YOUR OBJECTIVE -
Please copy all of the data that follows exactly, leaving any pictures out.

= Beginning of Section =

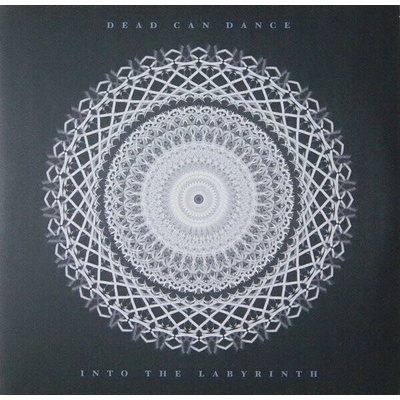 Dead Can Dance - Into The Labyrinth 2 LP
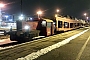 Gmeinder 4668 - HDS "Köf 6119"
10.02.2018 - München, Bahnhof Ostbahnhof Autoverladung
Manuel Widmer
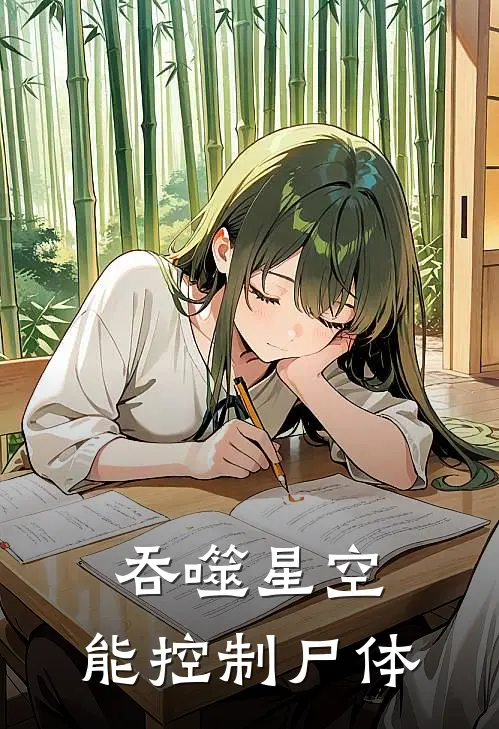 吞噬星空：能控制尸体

= End of Section =

ANSWER AREA -
 Dead Can Dance - Into The Labyrinth 2 LP
 Gmeinder 4668 - HDS "Köf 6119"
10.02.2018 - München, Bahnhof Ostbahnhof Autoverladung
Manuel Widmer
 吞噬星空：能控制尸体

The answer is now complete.